First they sold America on the purity of a game being played by unpaid kids.

Then they sold a lot of advertising.

BallHawk
08-27-2006, 12:10 PM
These kids play it for the love of the game. I play baseball, and my team was never fortuante enough to make it to Williamsport, but if we did I would play my heart out for free. It's 12 year olds, playing a game they love, America's trying to turn it into the World Series. Yes, I find it very entertaining and plan on watching the championship today, but seriously are we really considering paying 12 year olds? What about kids that college sports. College baseball, College Football, College basketball. Those kids don't get paid a cent, and I assure you they get watched more than LL Baseball. Sometimes I think maybe the author just wrote this to be different. Most of the time I think he's just a complete moron.

GrnBay007
08-27-2006, 12:20 PM
Little League honored a young boy in our community with a special sportsmanship award this year and sent his whole family to the Little League Championship game. He plays with one arm and is an extremely good ball player. From what I understand it's a birth defect and his left arm ends about midway between his elbow and shoulder. He's a pitcher and it's just awesome to watch him play.

GBRulz
08-27-2006, 04:32 PM
yup, that's the article! thanks ballhawk.

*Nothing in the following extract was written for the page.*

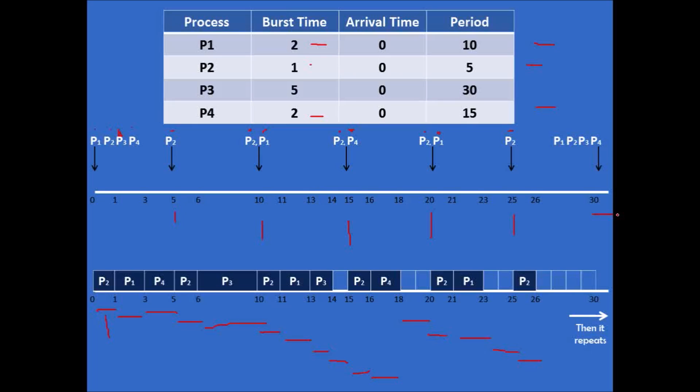Finally, we are done scheduling these four processes. Please let me know if you have any questions. Thank you for watching.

I don't agree with his comparison of a little league player vs. a celeb in Hollywood.

BallHawk
08-27-2006, 10:37 PM
Final postponed due to rain. Final rescheduled for Monday at 8, on ESPN 2. Call me Jane Fona, but go Japan. Go Nihonn yakuu!

Sorry if my spelling's off, I speak it better then I spell.

BallHawk
08-28-2006, 08:20 PM
Japan fought hard, but lost. :sad:

Little Whiskey
08-28-2006, 09:35 PM
bout time we win something!!! funny that it is the true amatures that do it. not the big money pro athletes!

sorry ballhawk but the redneck in me refuses me, to even for a minute, root against the US.

now if we could only kick their ass in the automotive and job markets!!